Cara wrote back a week later. She told him that his email had come just at a time when she was missing him especially and she wondered about psychic connection. She continued,

"We've had such wonderful times together that I said to myself this week I find it hard to believe that these times were not wonderful for you, too. I cherish my memories of us together and would like the barriers between us to dissolve. I can't see how that is possible, although there was a time when I would have done all I could to have seen that happen.

"I'm glad you think of me, and I hope you cherish the memories."

She told him a bit of news about friends who had had a commitment ceremony the week before. She said that the words the two women exchanged were words "I wish you and I could have said to each other: Loving what we know about each other and trusting what we do not know."

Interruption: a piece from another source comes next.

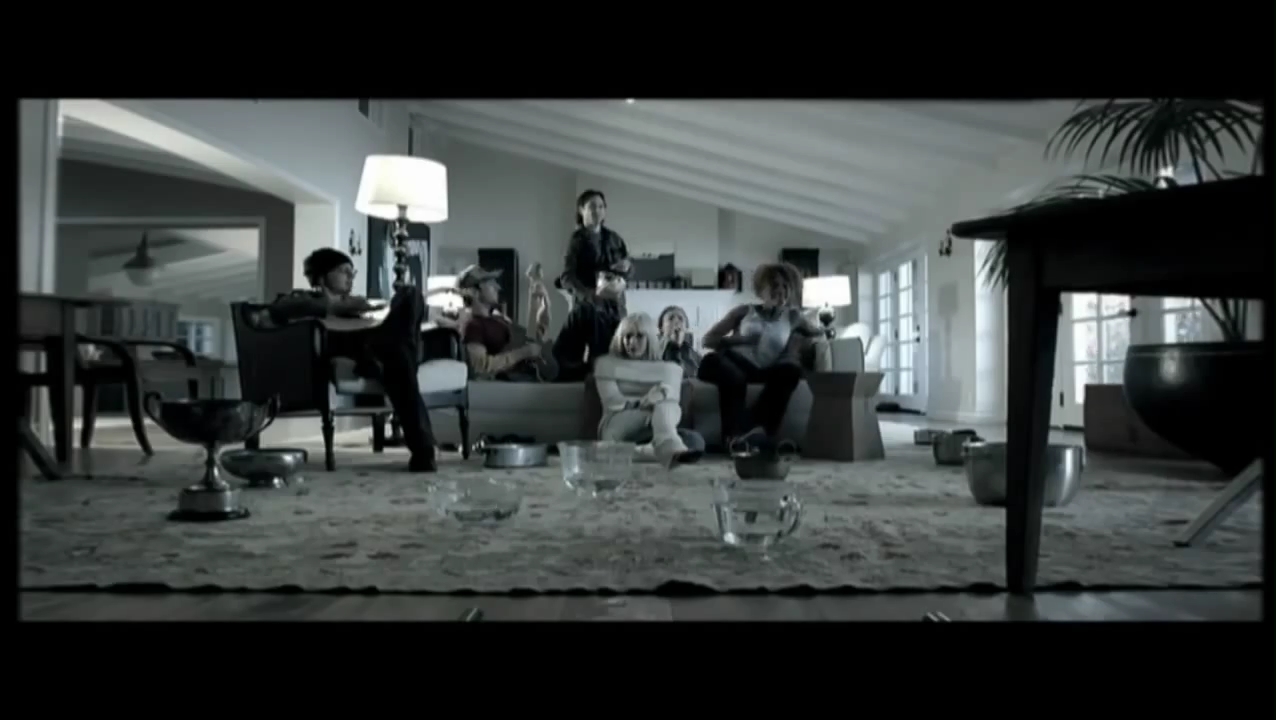 DailyDuff-dot-nl-ComeClean0114.jpg DailyDuff-dot-nl-ComeClean0114.jpg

She continued, "My wish for you is that you say those words to someone who is worthy of them.

"You have a full life with Moira and her family. Unless things change drastically and you finally come clean, I see little hope that I would want even an email friendship with you. There is far too much unexplained cruelty from you to me for me to ignore. You did say once, 'I hurt you,' and you were contrite. I actually need much more explanation than that."

She said that she cannot see how even an email friendship is possible when there is so much that she wants Nick to explain.

Nick responded right away. He said, "Ok. I thought we could have had an email orrespondence but I read your words 'I cannot see how we can maintain a connection even via e-mail' and I respect them. We did have wonderful times and they keep coming back to me when I least expect them, and yes I also 'cherish' those memories."

He said "I cannot recall" the cruelty or it was about. He continued,

"Sometimes you cannot explain everything in this world. I hope that will always be the case. We need some 'unknowns' even when it's our own behavior. The world is healthier with some mystery in it, even self mystery."

If Cara needed more reason to conclude a relationship between them was hopeless, she had it.

A few months later, U.S. Attorney General Alberto Gonzales testified under oath before a Senate committee that he "cannot recall" the events that led up to the firing of 8 U.S. federal attorneys.

"I don't remember" is a variation of "I cannot recall."

There must be a school for shits that expert recipients know nothing about. Where is that school? How do people learn to be shits? Does anyone know?